Day 114 - this is the life
Crooked Spur hut —-> Royal hut 16km
Apart from a few lone clouds sitting lowly around the mountains, it was a gorgeously clear morning. The ground outside the hut and amongst the tussocks was frozen - the clear sky overnight had kept the temperature low enough for me to caterpillar my face with my sleeping bag for warmth.
John and I left the hut first around 8am and set off up through the tussocks towards the moon.
John is in his sixties but you’d think he was half that with the pace he makes going up hills. The trail was easy but climbed steadily through the tussock and then over skree for over an hour. He easily beat me to the top and I had to pretend my stops for breaths every ten minutes were pure scenery spotting.
Our roles reversed on the downhill however and I became the pacemaker as we set off down the skree.
The ground was thankfully still frozen at 10am. The crunch underfoot much more welcome than the sloppy mud it would have been otherwise.
Stone hut, our intended lunch destination came into view across the river around 11.30am. The notes estimated that Crooked Spur to Stone at 5 hours, but we’d done it in 3 and a half… I couldn’t work out if I was walking faster than normal or if the notes were just wrong. I was certainly taking less breaks than usual.
We had an early lunch at Stone hut and sat out the back of the hut basking in the sunshine.
The afternoon’s trail was for the most part lovely. A bit of bush bashing through the giant tussocks but otherwise a gentle meander alongside the stream to reach Royal hut a few hours later.
This landscape felt other worldly. Huts were placed on random flat bits of land that could have been stomped down by a giant potato masher. Maybe it was because the walking hours were wonderfully short but I was loving this section so far.
Like Crooked Spur, Royal hut was an old musterers hut dating back back to the 60s. It was so named as apparently King Charles and Princess Anne visited as children?! Steph had told me I could find their names on the door but after a good half an hour of looking I realised she was probably having me on…
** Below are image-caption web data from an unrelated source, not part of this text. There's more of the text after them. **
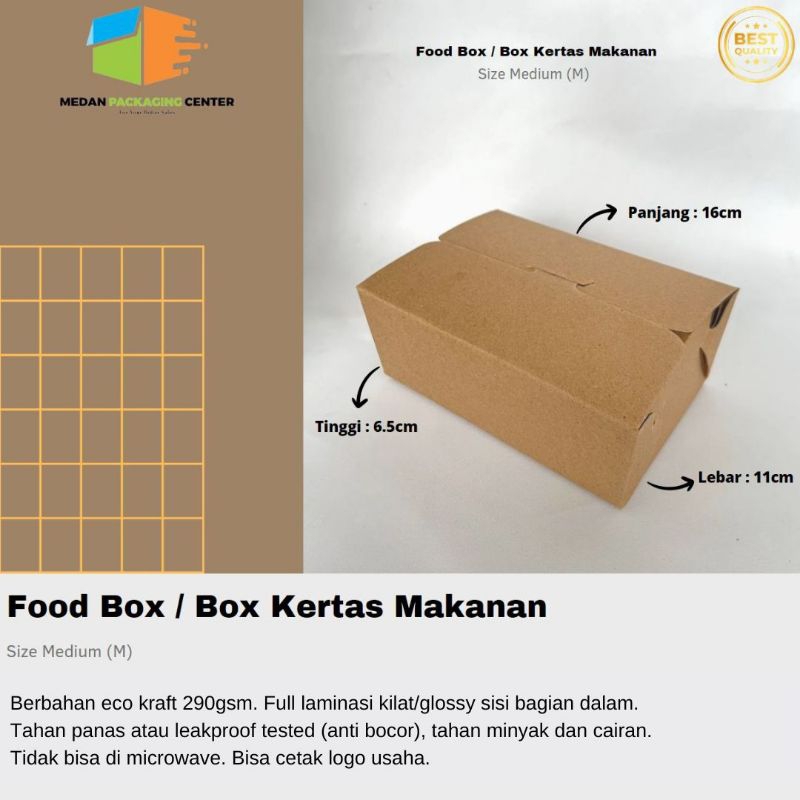 Food Box Eco size M / Box makan kertas / Bento Box / Rice Box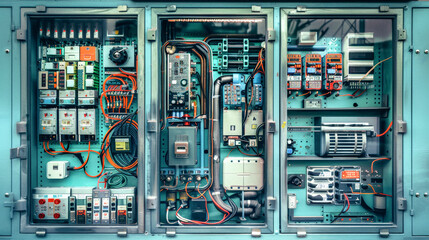 A control panel showcases colorful circuit boards and wiring, revealing the complex workings of industrial machinery against a light blue backdrop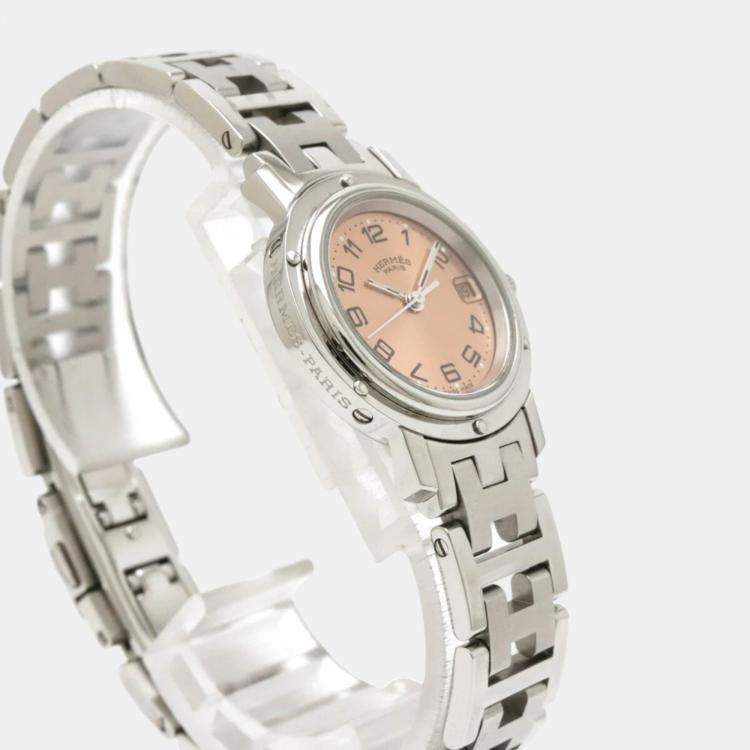 Pre Owned Hermes Pink Stainless Steel Clipper CL4.210 Quartz Women's Wristwatch 23 mm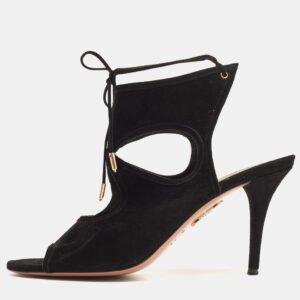Aquazzura Black Suede Sexy Thing Sandals Size 42
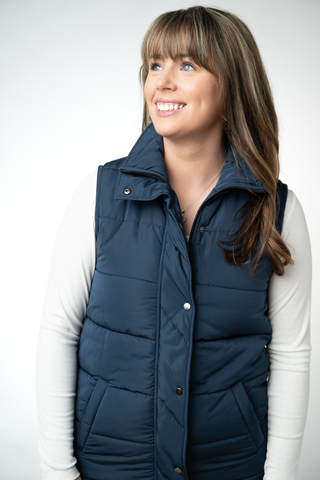 Navy Harlowe Long Vest
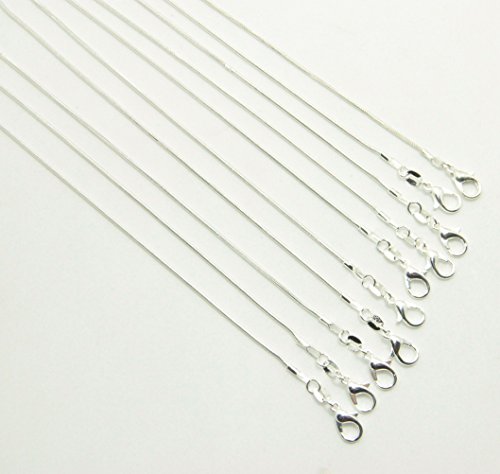 Finerus B00VVGBFD8_US 10Pcs 925 Silver Plated 1.2Mm Snake Chain Necklaces thumb #1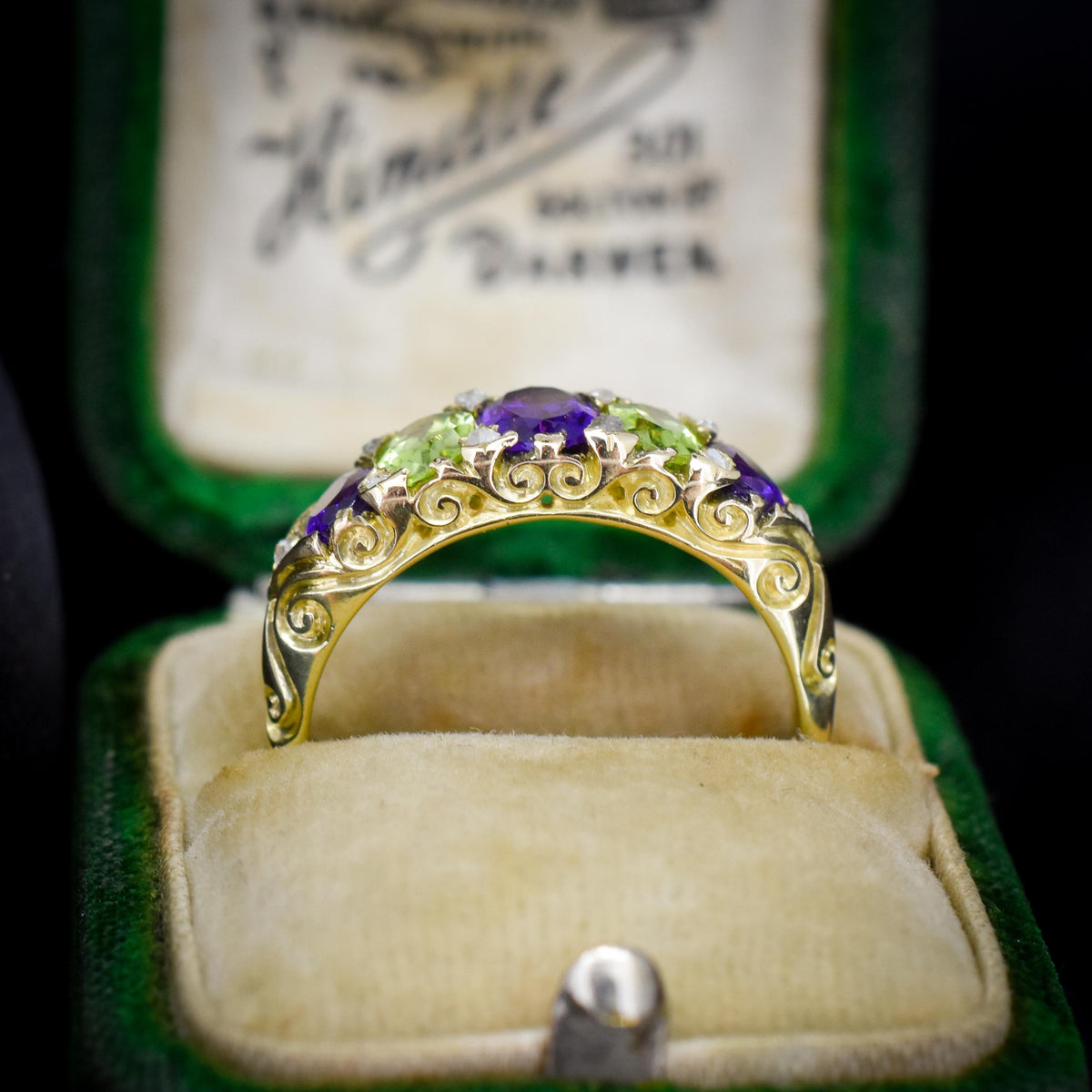 Antique Amethyst Peridot and Diamond Five Stone 18ct Gold Ring | Suffragette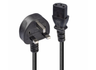 Lindy 0.2m UK 3 Pin Plug To IEC C13 Mains Power Cable, Black | 30430
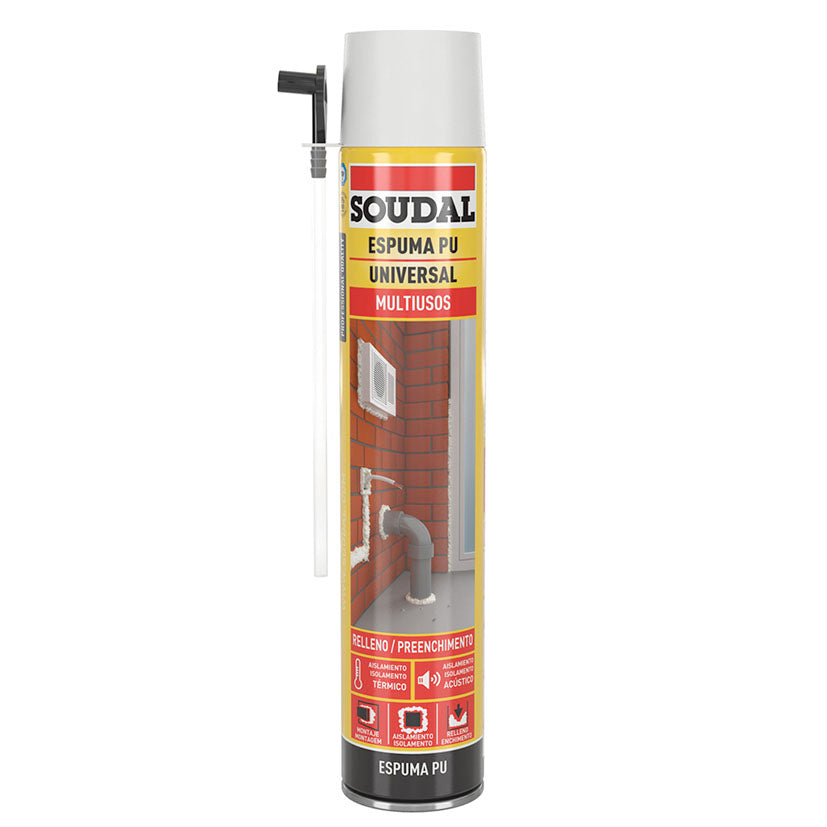 Espuma de Poliuretano SOUDAL | Aplicación con Cánula | Máxima Estabilidad (Caja 12 Uds.)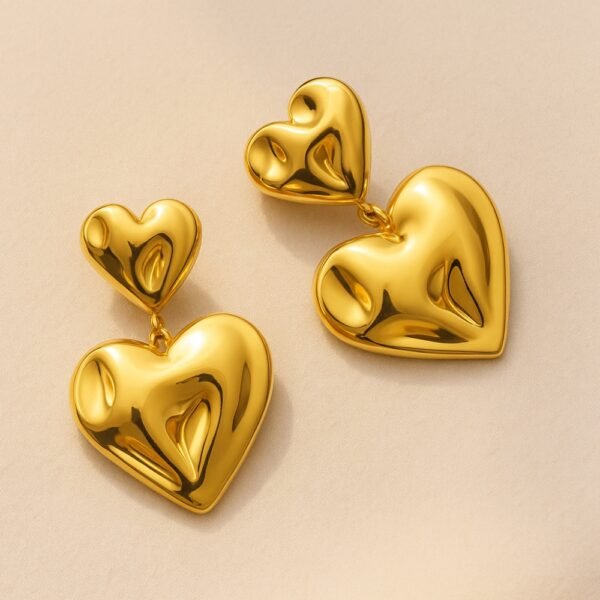 Gold Double Heart Anti Tarnish Earrings – 18K gold plated hammered drop design, waterproof stainless steel, lightweight, hypoallergenic, with push plug closure – Avvni The Store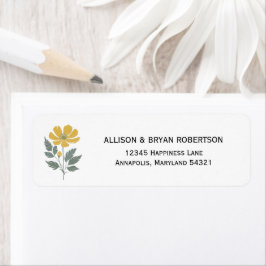 Etiqueta de dirección de invitación de boda floral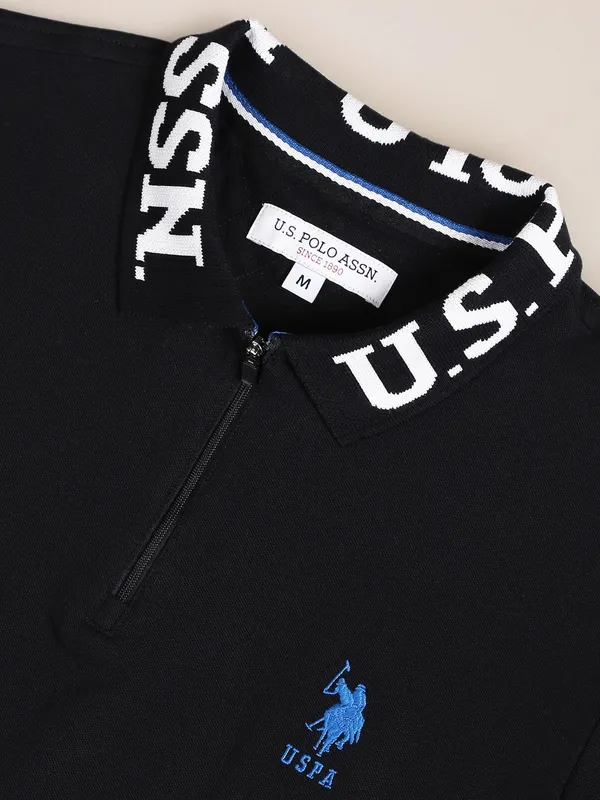 U S POLO ASSN cotton plain t shirt in black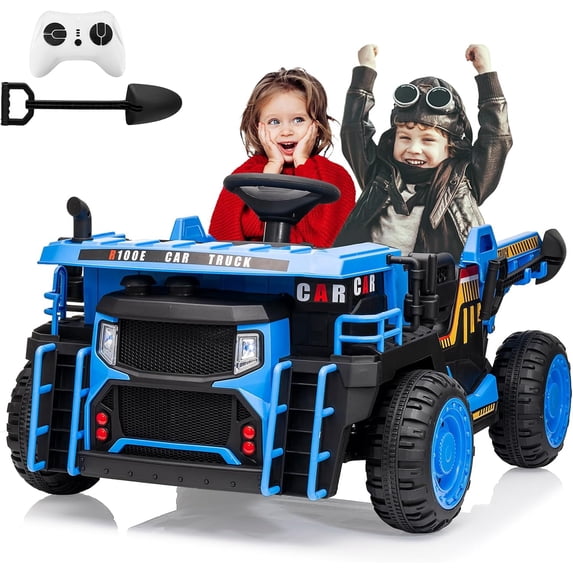 AOILE 24V 2-Seater Ride-On Dump Truck – Remote Controlled Electric Construction Vehicle with Dump Bed, Shovel, 2WD/4WD, Bluetooth & LED Lights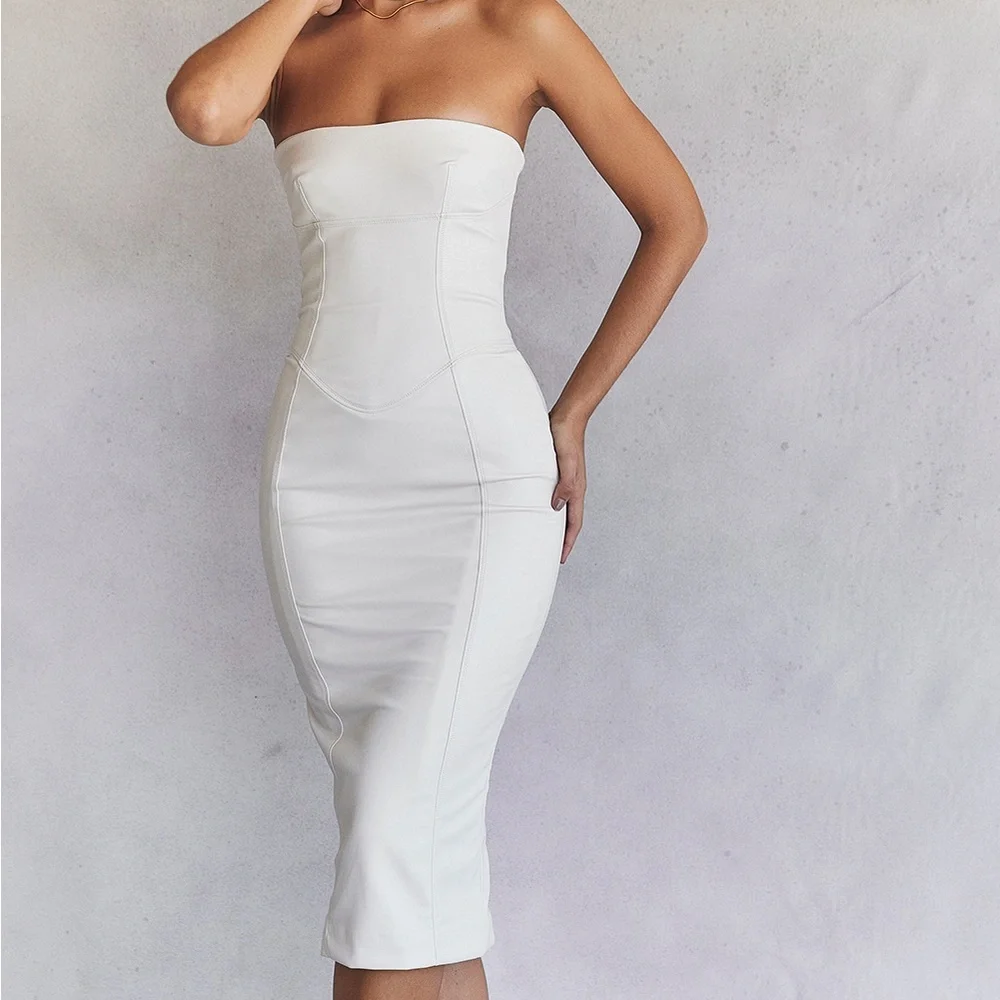 HOUSE OF CB 'Camilla' Ivory Vegan Leather Strapless Dress NWOT - Picture 9 of 15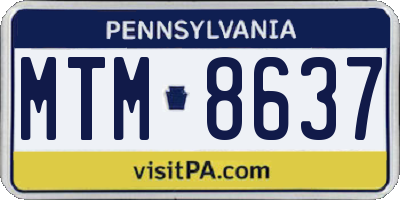 PA license plate MTM8637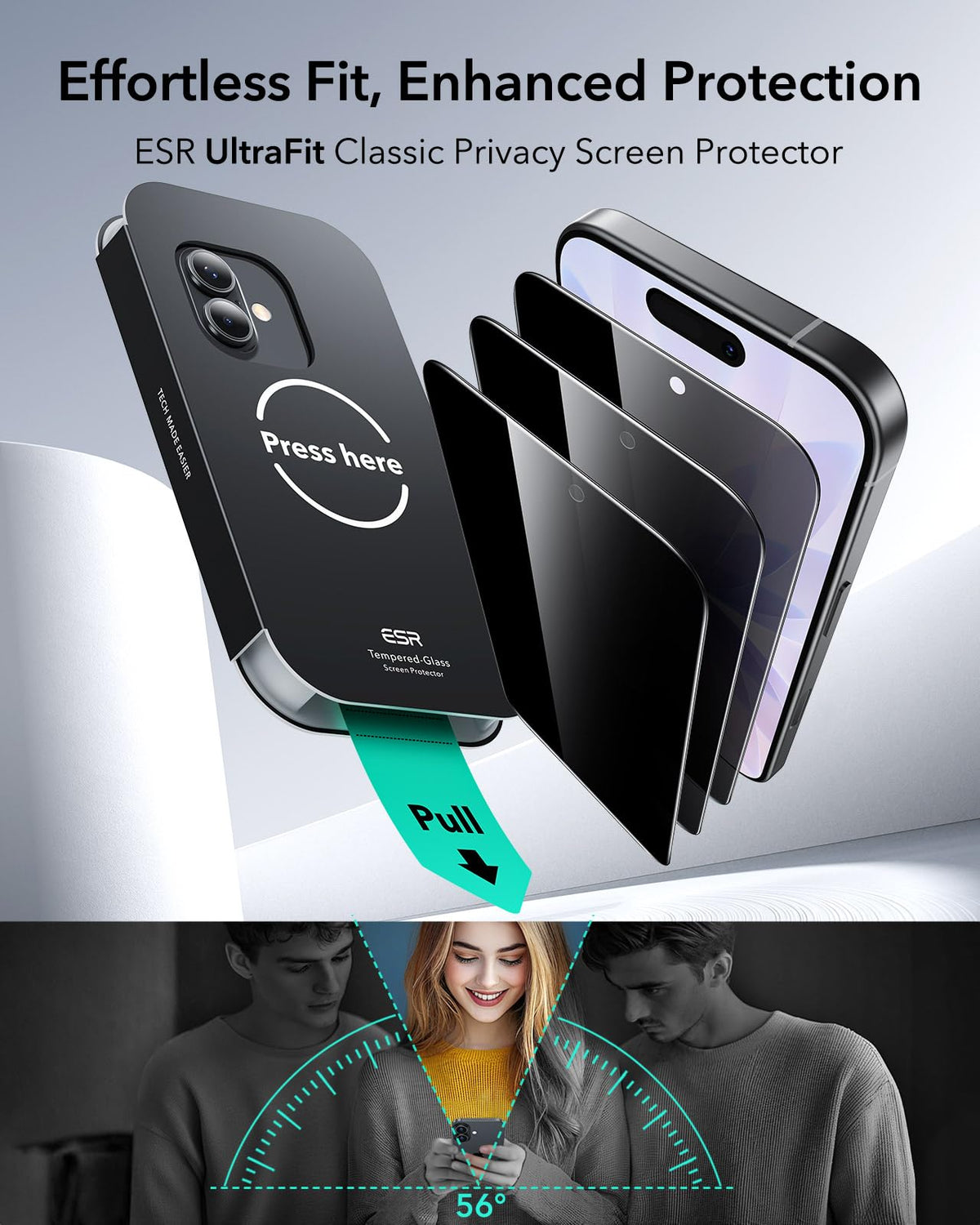 ESR Privacy Black Screen Protector for iPhone 17 and 16 Pro Size iPhone NEW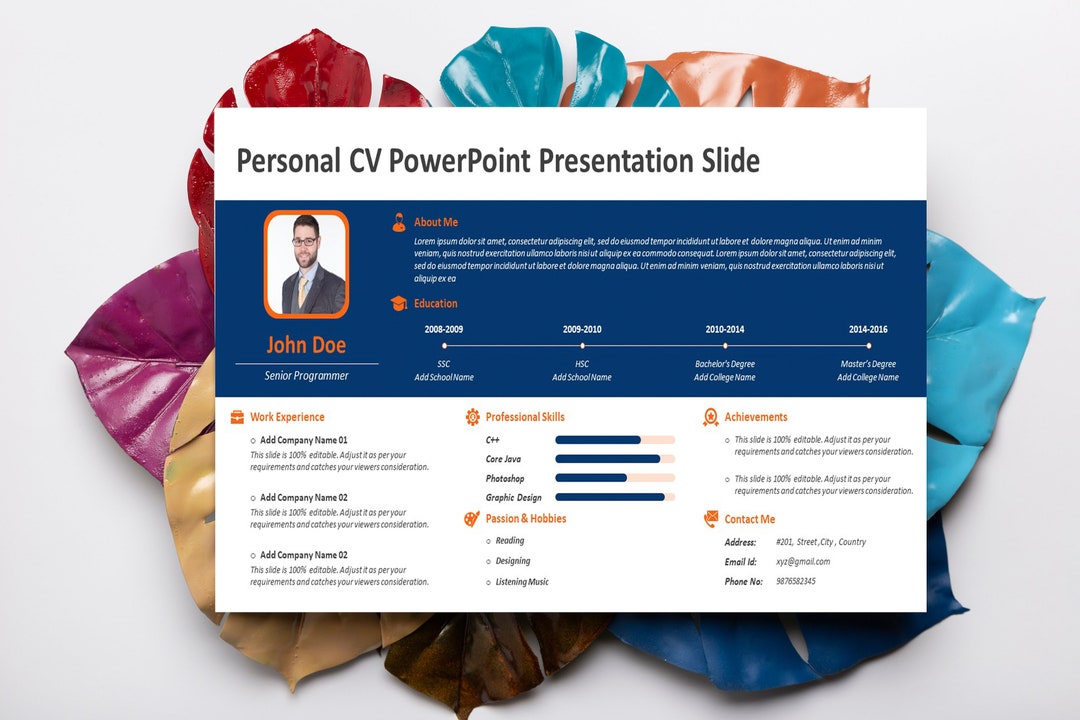 Personal CV Powerpoint Presentation Slide - Etsy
A whole afternoon to relax, we dried our gear in the wind and I got a lot of blogging done. Two NOBOs Sarah and Jo turned up just as it was getting dark, they’d come over Stag Saddle that afternoon; our challenge for the morning. We swapped lots of stories of the trail so far and after hanging our food - we’d already heard the mice running around, I went to sleep slightly less cold than the night before.